I never had a brother to lose, but I lost the closest thing to it, and I probably would've done anything to keep her here. It's hard for me to find fault with this, even if I think he's fuckin' crazy.

[identity profile] weary-head.livejournal.com 2009-07-19 11:05 pm (UTC)(link)
Dean huffed out a small, unhappy laugh. "Hard enough to get them to take me the first time," he muttered, looking across the hole in the ground to find Neil staring at him, eyes burning.

"I'm sorry," he said softly. It hadn't escaped him that they were still alone. "Didn't work, anyway."

little_moons: (Default)

[personal profile] little_moons 2009-07-19 11:54 pm (UTC)(link)
Nodding slowly, I look down at the mound in the earth, and there's a tiny, morbidly curious part of me that's itching to see it. To see the demon. To see how it works... how exactly he sold his soul that first time.

"'m sorry," I echo, forcing myself to look up at him, shifting awkwardly against the wrenching ache in my chest, "Dean... I know you think you gotta look after... everybody, but back home, you're still there. He's not the one that's alone, now. And, man, neither are you."

[identity profile] weary-head.livejournal.com 2009-07-20 01:22 am (UTC)(link)
"I know." There'd been a lot of people searching, and Dean had felt some of their eyes on him as often as on the trees around them. That didn't mean he was ready to trade, though, not a life with Sam for a life with everyone else. Maybe it was too much, but Dean wanted both. He needed both.

"But things are bad back home. Even by our standards." Dean swallowed. "He isn't safe. I'm here and he isn't safe."
little_moons: (Default)

[personal profile] little_moons 2009-07-20 01:55 am (UTC)(link)
"I know," I murmur quietly, fighting the urge to shift over closer. Fighting it, because the line here seems to be drawn at pats on the back and a few awkward hugs. Stubbornly avoided talks about feelings, emotions covered with grunts and thinly veiled threats of bodily harm. It's a boundary I'm still learning how to navigate -- a dynamic I've never really experienced before. Never had a brother, not even a guy friend growing up...

Preston doesn't count.

So, in other words, sometimes I feel like a giant dick around him. I just gotta get used to it.

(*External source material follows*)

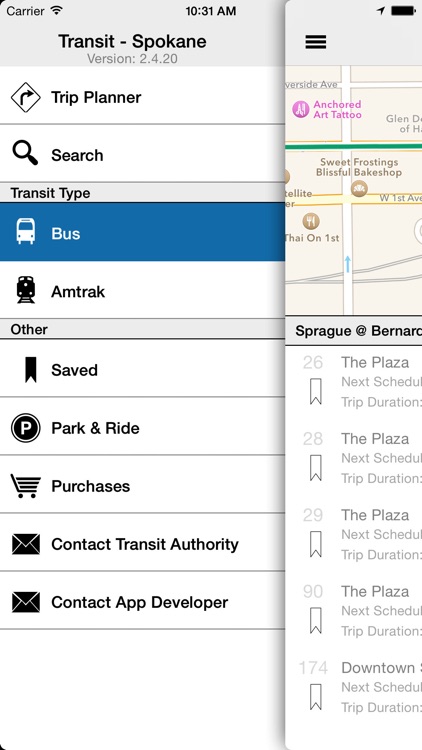 Transit Tracker - Spokane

[identity profile] weary-head.livejournal.com 2009-07-20 02:23 am (UTC)(link)
"I guess you knew," said Dean, eyes flicking towards Neil's feet but no further. "That we wouldn't find anything. Thanks for coming anyway."

Dean sighed, looking at the useful mound of earth between them. "He liked you."
little_moons: (You're still staring down at the floor.)

[personal profile] little_moons 2009-07-20 02:39 am (UTC)(link)
"I've been here a long time, man. After a while you just sorta... know," I say, then, coughing out a bitter laugh, "Last couple times, I haven't even really looked. How fucked up is that?"

Another strained cough of laughter and I say, "Anyway, I think he pretty much just put up with me."

[identity profile] weary-head.livejournal.com 2009-07-20 03:04 am (UTC)(link)
"N'aw." Dean shook his head, a sad smile on his face. "I know him when he's just tolerating. He liked you. Didn't always get you, but he liked you."
little_moons: (Knowing)

[personal profile] little_moons 2009-07-20 03:12 am (UTC)(link)
"Nobody gets me," I say with a crooked smile, trying not to think about how fucking weird it is to be talking about him in the past tense. It's the first real admission that he's actually gone. And here we are at the fucking crossroads and the world didn't end.

"How's Jessica?" I ask after a moment, not really sure if I should, but I can't really stop myself.

[identity profile] weary-head.livejournal.com 2009-07-20 03:29 am (UTC)(link)
"'bout the same as me," Dean replied, "without the crossroads. I don't even know if she knows how to do that." Better if she didn't, even better that it hadn't worked if she did.

"I don't think she believes it yet."
little_moons: (Default)

[personal profile] little_moons 2009-07-20 03:47 am (UTC)(link)
"He could come back," I say, and it's a longshot, but it's true. "You did. Twice, right?" My lips twitch into a smile, but it's a fucking weak one at best.

They were getting married for chrissakes. It's not fuckin' fair.